This post originally appeared in French on the ONF.ca blog.
In my last post, I provide a summary of a master class on stereoscopy given by Marc Bertrand, producer at the NFB’s Animation and Youth Studio, during the Montreal International Children’s Film Festival (FIFEM).
At the end of his presentation, he was kind enough to take questions from the audience. Here is a brief recap.
Q: How can rapid camera movements be corrected?
A: By flattening the 3D image into a normal flat image. Nobody will notice. All you do is put both eyes at the same level and progressively bring back the 3D when the shot stabilizes.
Q: What percentage of stereoscopy should be used in a shot?
A: The percentage can vary. The general rule is 6% in the foreground and 10% in the background. For Private Eyes, we pushed it up to 40%. In my opinion, a 6% to 10% stereo is drab, but it’s perfect for a feature film.
Q: What are the advantages/disadvantages of making a stereoscopy 3D fiction film?
A: It takes four times longer to produce a 3D fiction film than a 3D animated film.
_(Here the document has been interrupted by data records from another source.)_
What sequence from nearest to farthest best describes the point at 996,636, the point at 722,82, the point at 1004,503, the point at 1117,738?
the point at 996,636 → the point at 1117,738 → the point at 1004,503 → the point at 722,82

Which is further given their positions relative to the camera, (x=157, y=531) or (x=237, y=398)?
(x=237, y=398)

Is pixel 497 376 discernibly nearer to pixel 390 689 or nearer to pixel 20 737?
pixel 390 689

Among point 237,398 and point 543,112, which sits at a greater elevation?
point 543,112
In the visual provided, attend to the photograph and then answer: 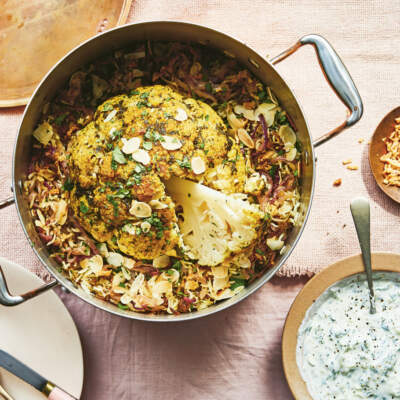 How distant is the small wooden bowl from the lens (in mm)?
1516

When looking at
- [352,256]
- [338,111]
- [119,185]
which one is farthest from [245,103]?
[352,256]

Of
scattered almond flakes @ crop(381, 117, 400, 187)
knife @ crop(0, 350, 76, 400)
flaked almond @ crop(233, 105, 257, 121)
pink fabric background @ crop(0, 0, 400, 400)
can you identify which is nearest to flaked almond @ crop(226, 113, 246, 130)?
flaked almond @ crop(233, 105, 257, 121)

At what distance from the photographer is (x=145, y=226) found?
126 cm

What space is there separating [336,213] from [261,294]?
359 millimetres

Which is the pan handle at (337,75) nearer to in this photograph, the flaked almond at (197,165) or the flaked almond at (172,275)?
the flaked almond at (197,165)

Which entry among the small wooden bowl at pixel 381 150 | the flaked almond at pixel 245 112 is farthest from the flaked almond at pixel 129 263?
the small wooden bowl at pixel 381 150

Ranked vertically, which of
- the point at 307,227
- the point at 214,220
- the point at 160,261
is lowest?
the point at 307,227

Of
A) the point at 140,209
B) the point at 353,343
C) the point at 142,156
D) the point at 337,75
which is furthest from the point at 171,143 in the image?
the point at 353,343

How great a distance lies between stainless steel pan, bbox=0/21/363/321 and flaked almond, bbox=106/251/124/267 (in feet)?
0.37

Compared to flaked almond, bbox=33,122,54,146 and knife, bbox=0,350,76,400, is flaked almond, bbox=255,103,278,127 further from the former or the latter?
knife, bbox=0,350,76,400

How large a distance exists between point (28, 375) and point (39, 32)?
111 cm

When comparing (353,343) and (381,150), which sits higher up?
(381,150)

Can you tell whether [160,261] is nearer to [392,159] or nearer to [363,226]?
[363,226]

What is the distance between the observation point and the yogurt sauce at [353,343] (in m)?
1.47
The rendering is also three times as long. At least it was in 2006. Today, with a good team, good equipment and good preparation, it might be one and a half times longer.
It’s also much more expensive. 3D requires high quality resolution, so it takes more light and, again, more preparation time.
In addition, if you add special effects, you quadruple your post-production time. You’re not just dealing with X and Y, you also have to deal with Z. Everything is more complex.
Another consideration is that distribution opportunities are scarcer. Unless it’s a major American distributor, with theatres built especially for it, you may find it difficult to show your movie on a screen suitable for its format. Usually, the opposite happens. You have to adapt to a variety of viewing venues and their screens. Quality is lost in the adaptation process.
Basically, if 3D doesn’t enhance the storyline, don’t bother!
There are some advantages of course. One being that a film in 3D can’t be pirated.
Q: How important is sound with 3D?
A: Stereo sound is very important. It has to be surround sound and, most importantly, it has to be located at the centre of the room to give the effect that it’s in the middle of the action.